Material provided:

== == ==

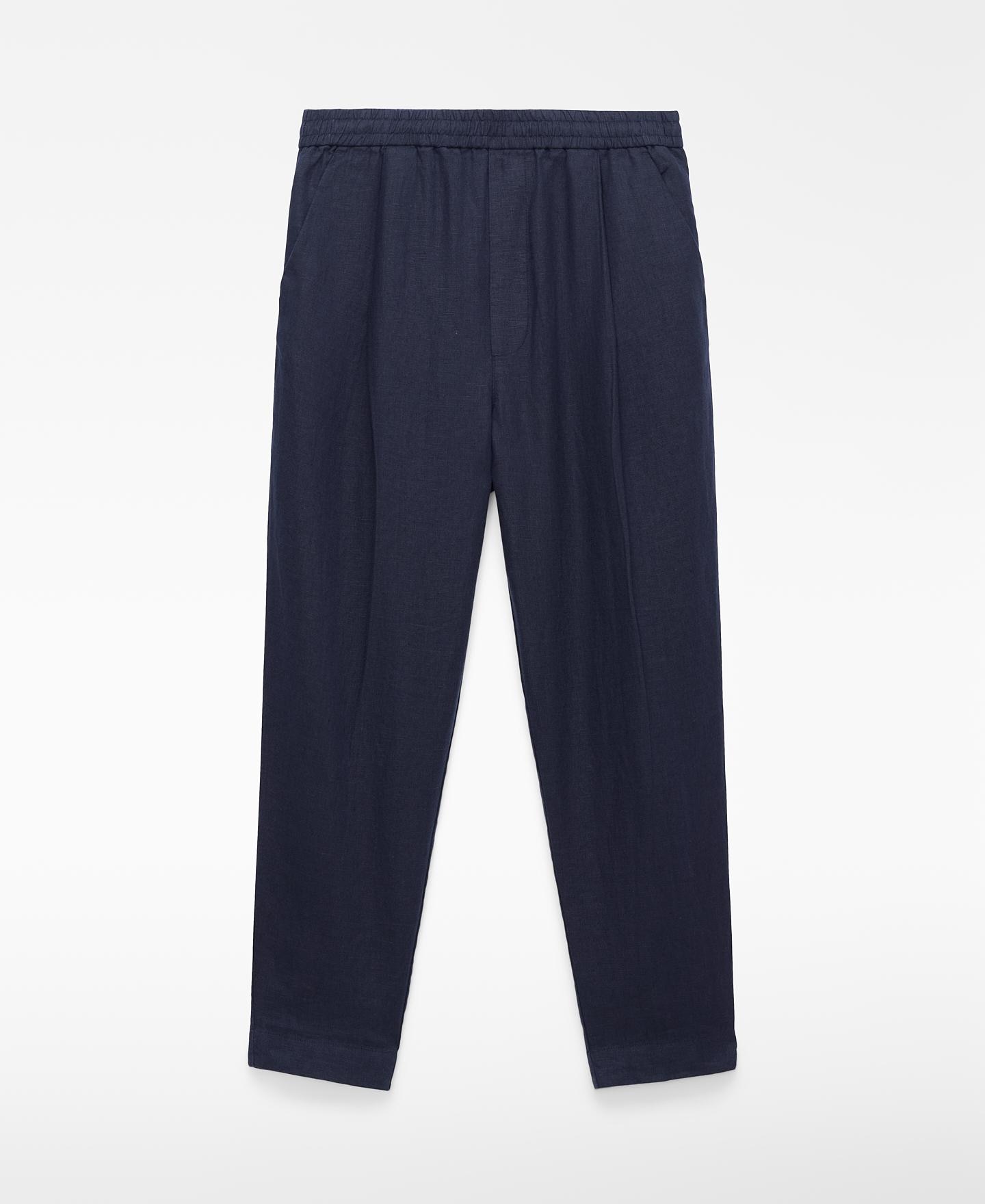 Calças Joggers em Linho Europeu Azul-marinho-5
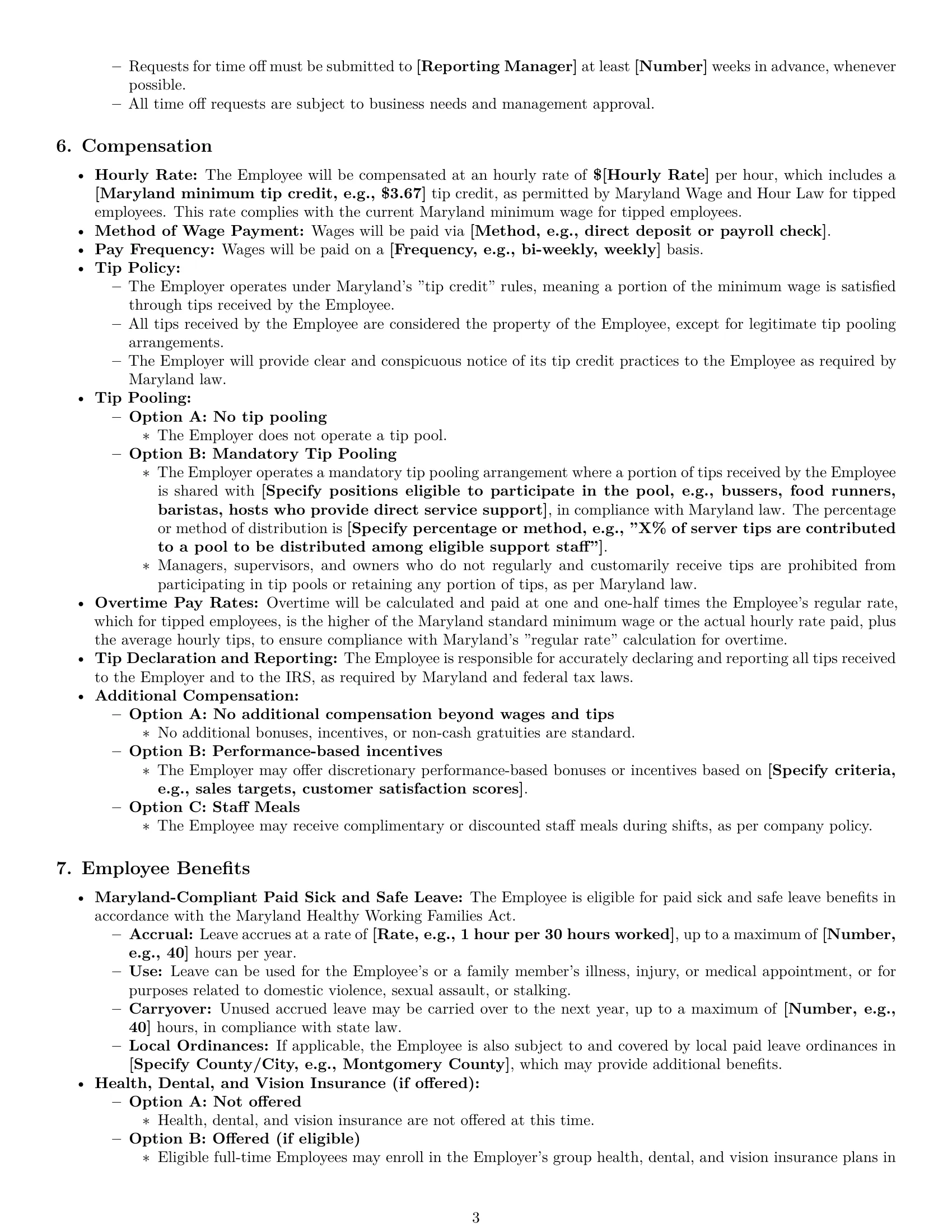 Preview page 3 of Pro Maryland restaurant server employment contract template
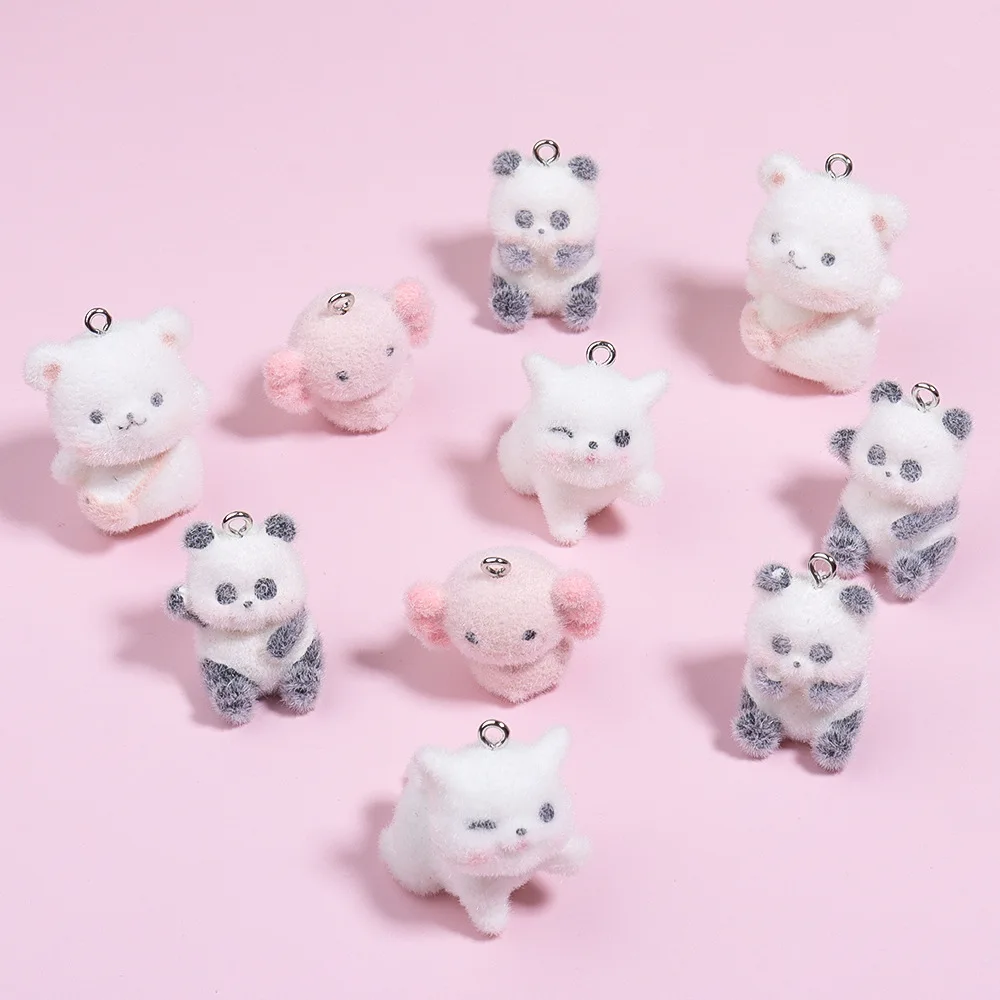 10Pcs 3D Flocking Animal Pendant Cartoon Plush Dolls Charms for Necklace Keychain Making DIY Handmade Accessories Wholesale
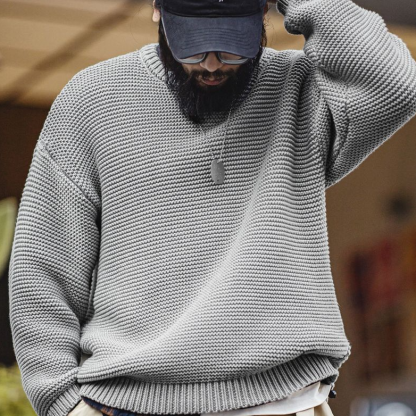 美式復古重磅肌理針織毛衣寬鬆落肩圓領套頭打底衫男秋冬-Retro's Wear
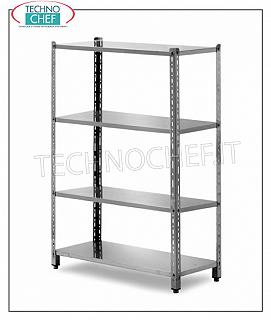 Étagères modulaires en acier inoxydable Rayonnage modulaire en ACIER INOXYDABLE avec 4 clayettes lisses RENFORCÉES montées sur un boulon, dimensions, mm 900x500x2000h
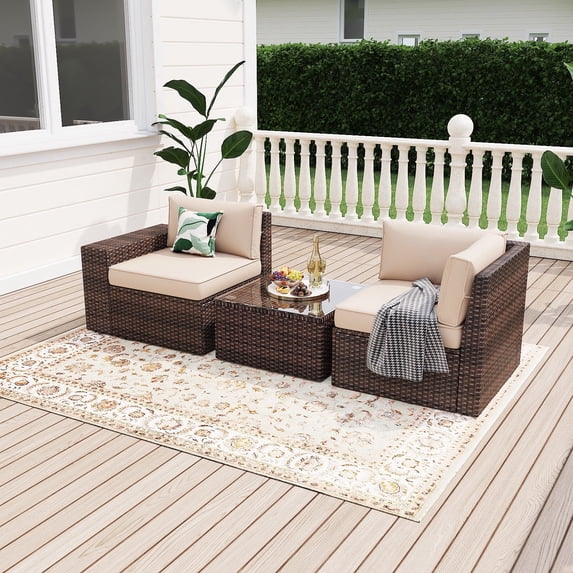 Sunmthink 3 Pcs Patio Furniture Sets with Coffee Table,Patio Conversation Sets,Brown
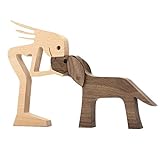 D/L Ravcerol Neueste Holzfiguren Skulptur Ornamente Set, abstrakte Stil Menschen mit Hund Statue, Freundschaft zwischen Hund und Menschen Denkmäler Statue für Home Office
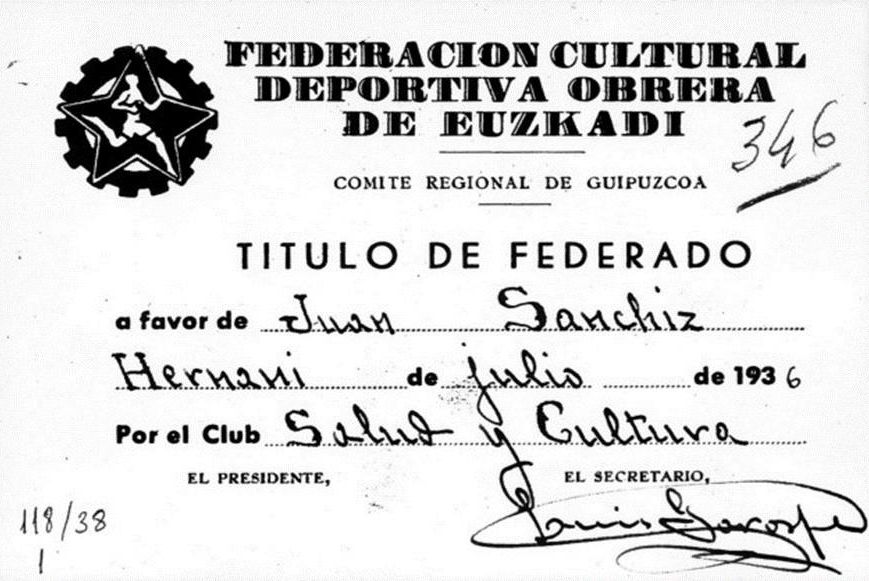Un título de federado de la Federación Cultural Deportiva Obrera de Euzkadi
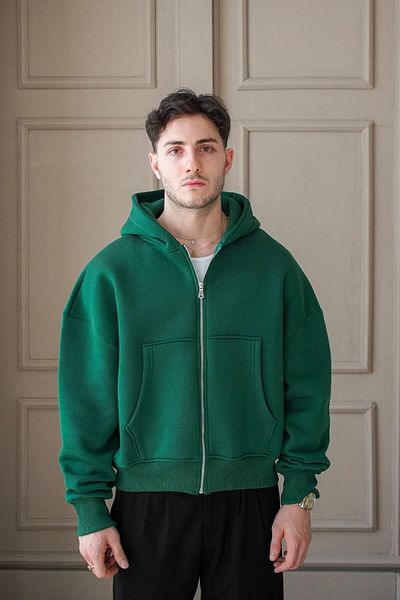 HAFKAGİYİM GREEN Cozy Basic Φούτερ με φερμουάρ Oversize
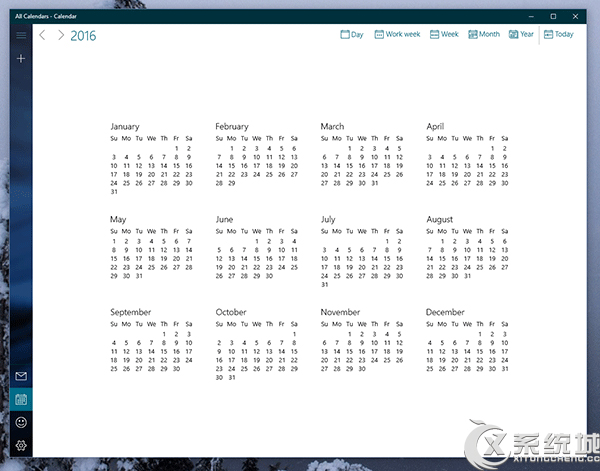 Win10 RS1 11099《日历》应用新增全年视图模式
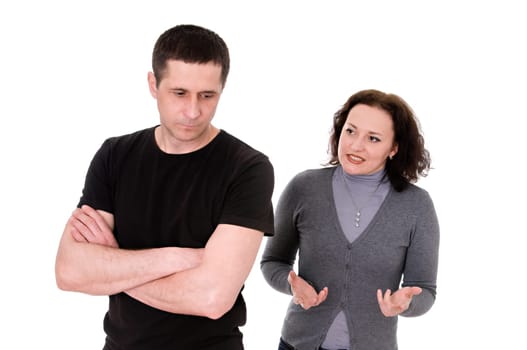 husband and wife quarrel isolated on white background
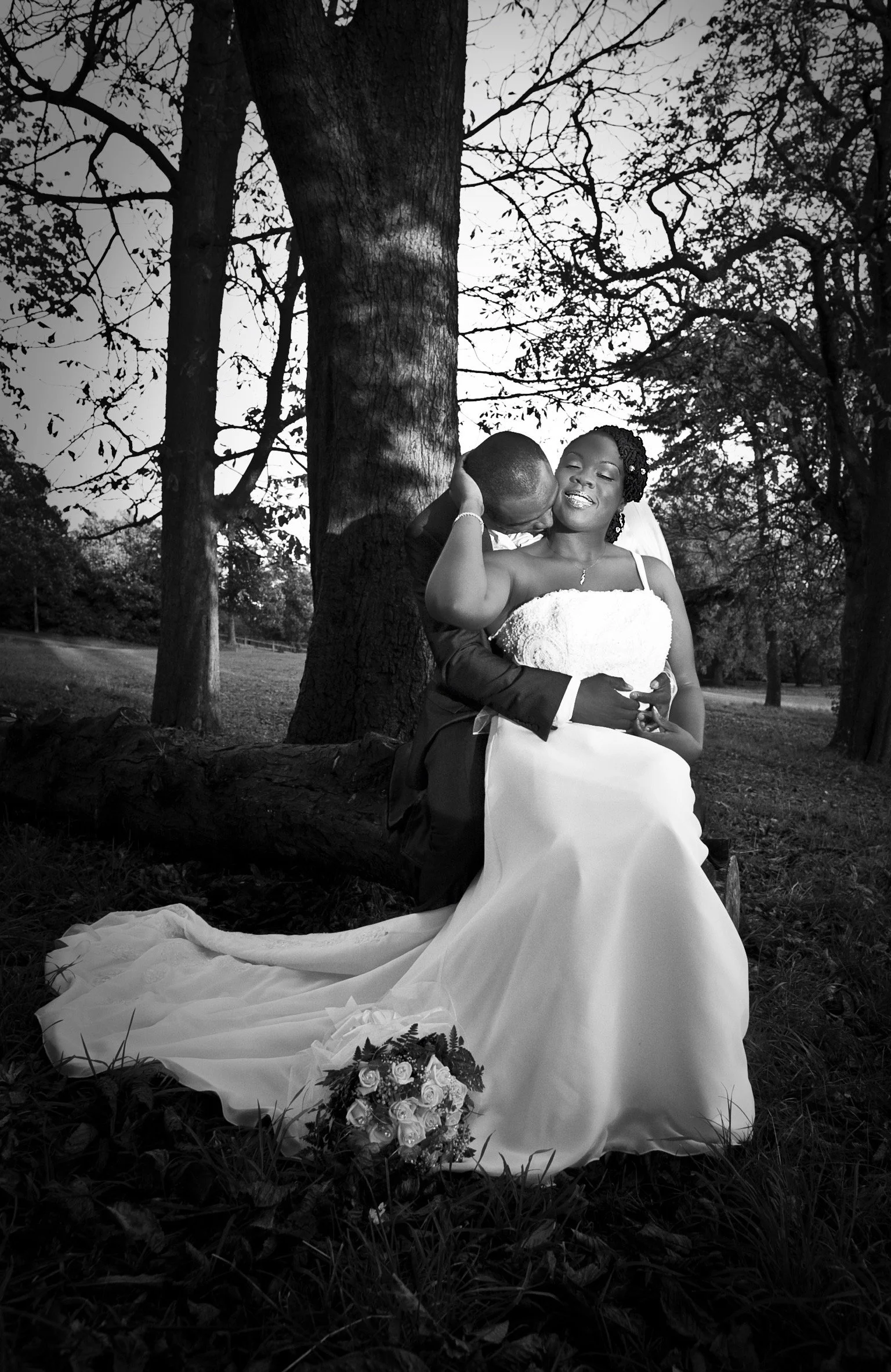Black and white Wedding image of couple in London by G’Safe Exposure Greenwich London
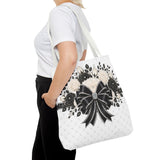 Ivory Noir Couture Diamond Bow - Tote Bag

== == ==

Task objective: All of the material should be reproduced exactly, apart from the pictures.

Answer for the task:
 Calças Joggers em Linho Europeu Azul-marinho-5
 Preview page 3 of Pro Maryland restaurant server employment contract template
 10Pcs 3D Flocking Animal Pendant Cartoon Plush Dolls Charms for Necklace Keychain Making DIY Handmade Accessories Wholesale
 美式復古重磅肌理針織毛衣寬鬆落肩圓領套頭打底衫男秋冬-Retro's Wear
 Étagères modulaires en acier inoxydable Rayonnage modulaire en ACIER INOXYDABLE avec 4 clayettes lisses RENFORCÉES montées sur un boulon, dimensions, mm 900x500x2000h
 Sunmthink 3 Pcs Patio Furniture Sets with Coffee Table,Patio Conversation Sets,Brown
 D/L Ravcerol Neueste Holzfiguren Skulptur Ornamente Set, abstrakte Stil Menschen mit Hund Statue, Freundschaft zwischen Hund und Menschen Denkmäler Statue für Home Office
Un título de federado de la Federación Cultural Deportiva Obrera de Euzkadi
 HAFKAGİYİM GREEN Cozy Basic Φούτερ με φερμουάρ Oversize
 Win10 RS1 11099《日历》应用新增全年视图模式
 husband and wife quarrel isolated on white background
Black and white Wedding image of couple in London by G’Safe Exposure Greenwich London
 Ivory Noir Couture Diamond Bow - Tote Bag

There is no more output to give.